RECORDS section start

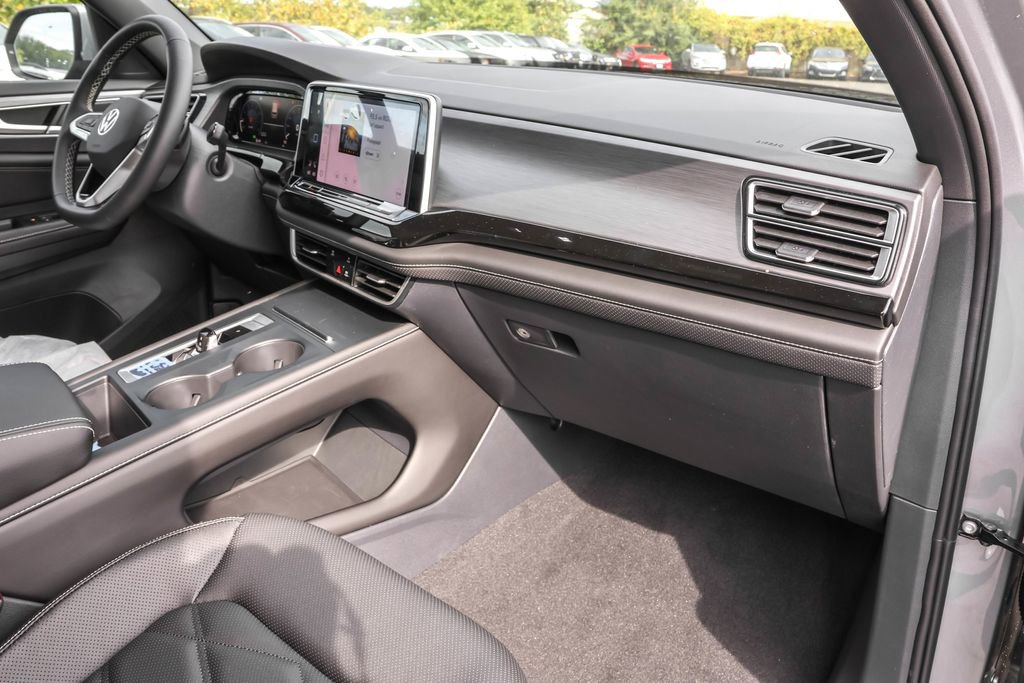 New 2026 Volkswagen Atlas Cross Sport SE AWD/4WD image 40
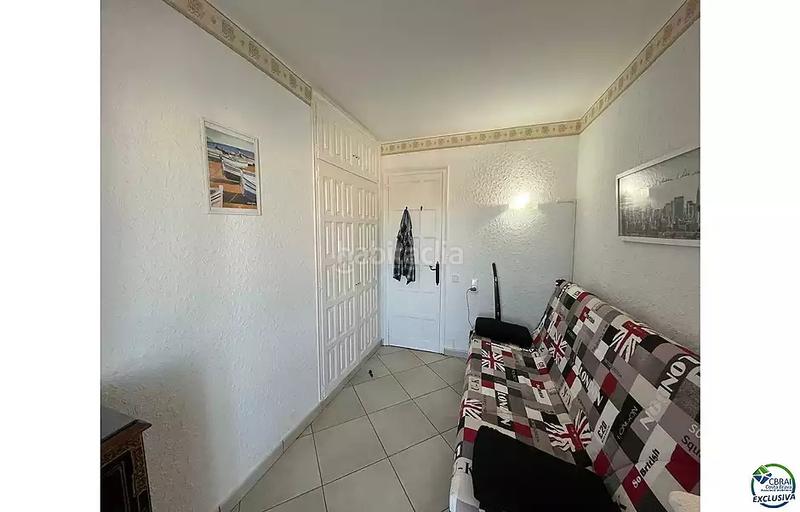 Foto f9cc9a24-1ac3-48d0-aa10-5d535b534080. Appartamento in Port Grec - Port Moxó Empuriabrava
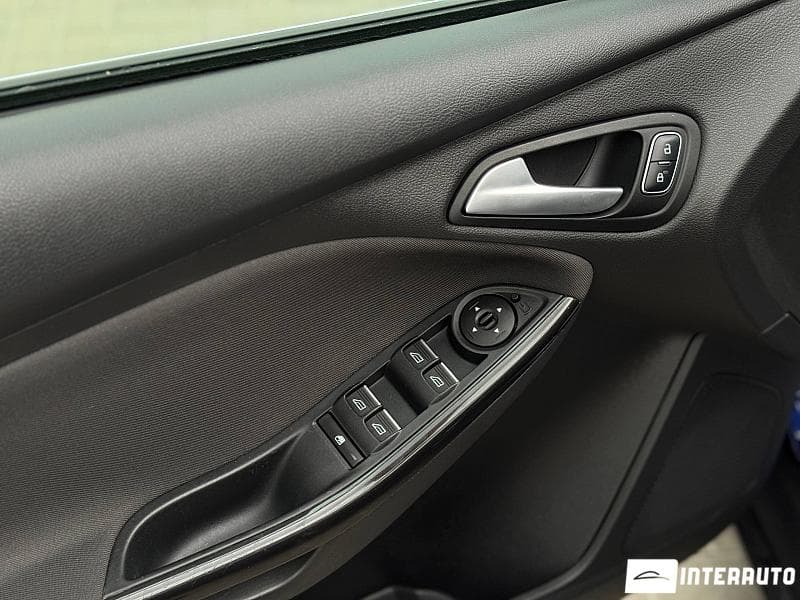 2016 Ford Focus — Miniatură 16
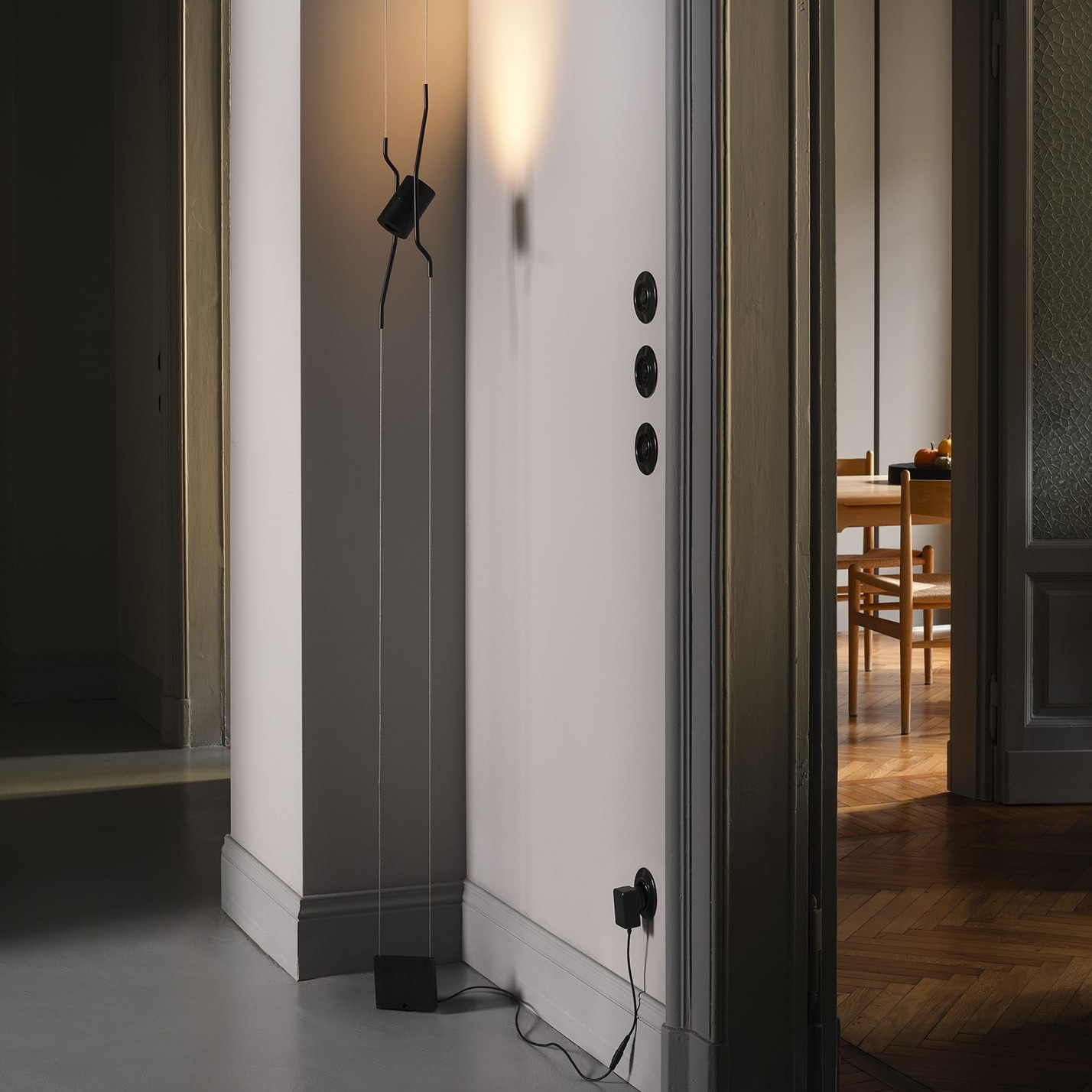 TENDU Floor - Lampada da Terra con Ancoraggio a Soffitto - immagine 2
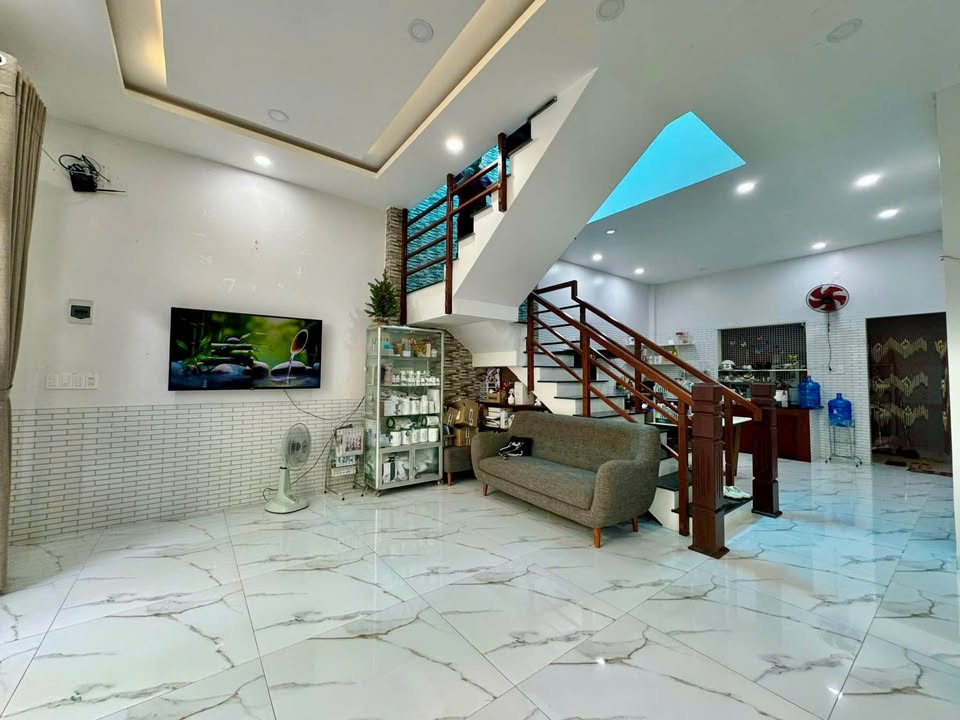 Nhà 2 Tầng Hẻm Cầu Dứa Nha Trang - 109.8m² - 3.7 Tỷ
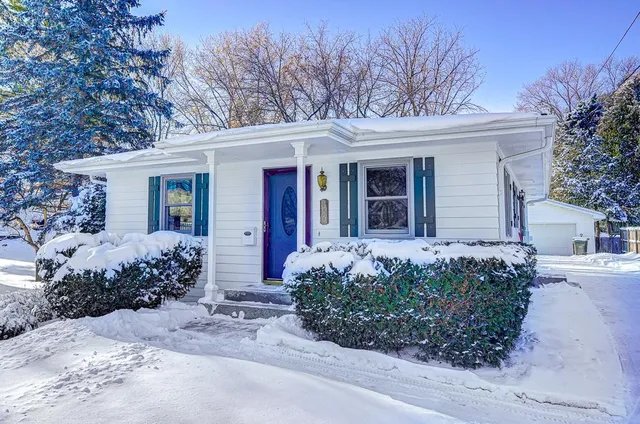 $345,000 | 850 Martha Street, Stillwater, MN 55082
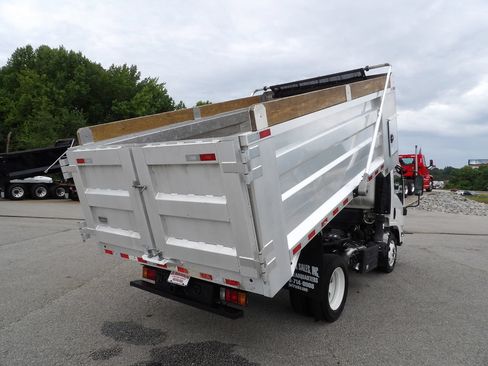 Used 2024 Chevrolet Low Cab Forward 5500HD RWD image 7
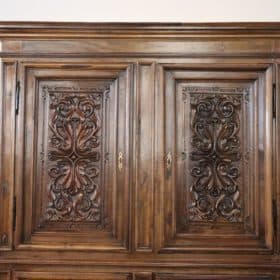 19th Century Italian Antique Cabinet in Solid Carved Walnut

RECORDS section end

*TASK DIRECTIONS*
Leave out the pictures and copy every record above exactly.

*EXERCISE ANSWER*
 New 2026 Volkswagen Atlas Cross Sport SE AWD/4WD image 40
 Foto f9cc9a24-1ac3-48d0-aa10-5d535b534080. Appartamento in Port Grec - Port Moxó Empuriabrava
 2016 Ford Focus — Miniatură 16
 TENDU Floor - Lampada da Terra con Ancoraggio a Soffitto - immagine 2
 Nhà 2 Tầng Hẻm Cầu Dứa Nha Trang - 109.8m² - 3.7 Tỷ
 $345,000 | 850 Martha Street, Stillwater, MN 55082
 Used 2024 Chevrolet Low Cab Forward 5500HD RWD image 7
 19th Century Italian Antique Cabinet in Solid Carved Walnut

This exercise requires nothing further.